• _Source data_:
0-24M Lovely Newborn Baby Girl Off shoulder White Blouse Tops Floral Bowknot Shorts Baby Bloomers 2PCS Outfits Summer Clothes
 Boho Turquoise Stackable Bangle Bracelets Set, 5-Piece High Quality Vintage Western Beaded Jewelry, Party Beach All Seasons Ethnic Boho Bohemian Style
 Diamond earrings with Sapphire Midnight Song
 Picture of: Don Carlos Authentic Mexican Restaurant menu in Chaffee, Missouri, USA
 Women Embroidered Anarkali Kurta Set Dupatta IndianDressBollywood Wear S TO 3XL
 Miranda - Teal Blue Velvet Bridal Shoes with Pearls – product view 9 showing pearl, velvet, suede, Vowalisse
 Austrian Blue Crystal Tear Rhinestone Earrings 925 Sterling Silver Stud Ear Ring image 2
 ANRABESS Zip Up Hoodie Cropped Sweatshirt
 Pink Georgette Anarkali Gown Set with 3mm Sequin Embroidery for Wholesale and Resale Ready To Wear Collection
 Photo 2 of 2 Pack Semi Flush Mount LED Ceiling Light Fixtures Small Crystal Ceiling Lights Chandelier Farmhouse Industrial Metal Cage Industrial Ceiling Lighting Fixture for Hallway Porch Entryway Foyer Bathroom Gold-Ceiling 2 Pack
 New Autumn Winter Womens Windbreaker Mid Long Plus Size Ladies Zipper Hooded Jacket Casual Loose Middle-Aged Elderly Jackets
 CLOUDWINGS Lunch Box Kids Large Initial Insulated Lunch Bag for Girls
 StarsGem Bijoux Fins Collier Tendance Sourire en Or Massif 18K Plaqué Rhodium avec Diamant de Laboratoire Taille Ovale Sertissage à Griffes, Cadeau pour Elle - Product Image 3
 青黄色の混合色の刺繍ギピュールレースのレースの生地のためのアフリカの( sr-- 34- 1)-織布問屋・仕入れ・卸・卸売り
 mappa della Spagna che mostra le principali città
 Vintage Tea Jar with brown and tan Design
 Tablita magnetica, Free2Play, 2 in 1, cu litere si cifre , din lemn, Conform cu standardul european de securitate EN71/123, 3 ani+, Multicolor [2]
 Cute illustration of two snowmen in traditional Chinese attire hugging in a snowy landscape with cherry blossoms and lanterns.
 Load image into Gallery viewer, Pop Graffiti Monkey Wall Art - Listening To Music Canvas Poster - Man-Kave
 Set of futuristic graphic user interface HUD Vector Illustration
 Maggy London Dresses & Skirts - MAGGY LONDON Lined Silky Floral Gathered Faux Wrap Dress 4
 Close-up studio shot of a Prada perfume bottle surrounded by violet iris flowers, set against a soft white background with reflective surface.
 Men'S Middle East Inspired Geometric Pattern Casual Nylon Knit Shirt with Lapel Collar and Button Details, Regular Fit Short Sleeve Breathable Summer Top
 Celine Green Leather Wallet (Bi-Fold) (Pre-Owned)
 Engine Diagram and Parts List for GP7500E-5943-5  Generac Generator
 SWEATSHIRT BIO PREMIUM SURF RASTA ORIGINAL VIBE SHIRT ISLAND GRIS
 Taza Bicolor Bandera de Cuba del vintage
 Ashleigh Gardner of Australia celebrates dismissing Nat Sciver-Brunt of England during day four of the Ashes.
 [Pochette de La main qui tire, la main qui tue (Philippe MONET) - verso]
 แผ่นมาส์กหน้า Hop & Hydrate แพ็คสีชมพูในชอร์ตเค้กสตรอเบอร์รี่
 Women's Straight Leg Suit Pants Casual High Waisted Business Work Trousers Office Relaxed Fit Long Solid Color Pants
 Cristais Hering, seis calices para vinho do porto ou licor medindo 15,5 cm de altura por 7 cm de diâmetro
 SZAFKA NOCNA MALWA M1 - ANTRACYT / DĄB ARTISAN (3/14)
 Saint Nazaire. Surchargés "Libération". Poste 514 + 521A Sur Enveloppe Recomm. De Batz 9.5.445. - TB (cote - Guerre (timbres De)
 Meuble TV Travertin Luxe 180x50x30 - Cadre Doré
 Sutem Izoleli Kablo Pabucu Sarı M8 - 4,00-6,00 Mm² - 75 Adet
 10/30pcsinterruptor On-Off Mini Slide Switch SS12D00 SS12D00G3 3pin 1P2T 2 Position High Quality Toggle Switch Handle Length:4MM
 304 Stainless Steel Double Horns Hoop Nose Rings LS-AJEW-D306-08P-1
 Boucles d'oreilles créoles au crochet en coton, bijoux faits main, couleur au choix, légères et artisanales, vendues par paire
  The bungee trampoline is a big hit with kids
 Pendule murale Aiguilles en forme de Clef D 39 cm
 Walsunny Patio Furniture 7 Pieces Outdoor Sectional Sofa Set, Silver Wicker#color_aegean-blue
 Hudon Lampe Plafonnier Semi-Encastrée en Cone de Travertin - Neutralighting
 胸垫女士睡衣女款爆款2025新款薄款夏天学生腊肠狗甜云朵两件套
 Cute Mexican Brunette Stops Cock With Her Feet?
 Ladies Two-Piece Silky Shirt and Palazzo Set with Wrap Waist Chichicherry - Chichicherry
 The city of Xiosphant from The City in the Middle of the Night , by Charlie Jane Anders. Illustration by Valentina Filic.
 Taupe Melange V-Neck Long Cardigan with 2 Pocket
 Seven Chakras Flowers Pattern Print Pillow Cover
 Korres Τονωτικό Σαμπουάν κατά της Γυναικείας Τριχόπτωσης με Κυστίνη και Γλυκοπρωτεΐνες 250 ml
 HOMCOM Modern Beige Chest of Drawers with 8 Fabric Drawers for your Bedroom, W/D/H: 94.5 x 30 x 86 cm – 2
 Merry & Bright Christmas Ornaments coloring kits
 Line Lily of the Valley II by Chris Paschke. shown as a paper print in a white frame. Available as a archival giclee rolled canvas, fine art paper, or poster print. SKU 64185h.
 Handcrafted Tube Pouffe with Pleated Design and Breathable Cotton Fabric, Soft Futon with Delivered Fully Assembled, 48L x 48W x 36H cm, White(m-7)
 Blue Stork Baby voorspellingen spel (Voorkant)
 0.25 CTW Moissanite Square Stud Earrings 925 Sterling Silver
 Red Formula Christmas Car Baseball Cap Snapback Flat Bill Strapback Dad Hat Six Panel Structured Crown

• _What the task asks_: The result consists of the line with "Handcrafted Tube Pouffe" through the last line of the entries above, repeated exactly and with nothing else.

• _Answer for this exercise_:
 Handcrafted Tube Pouffe with Pleated Design and Breathable Cotton Fabric, Soft Futon with Delivered Fully Assembled, 48L x 48W x 36H cm, White(m-7)
 Blue Stork Baby voorspellingen spel (Voorkant)
 0.25 CTW Moissanite Square Stud Earrings 925 Sterling Silver
 Red Formula Christmas Car Baseball Cap Snapback Flat Bill Strapback Dad Hat Six Panel Structured Crown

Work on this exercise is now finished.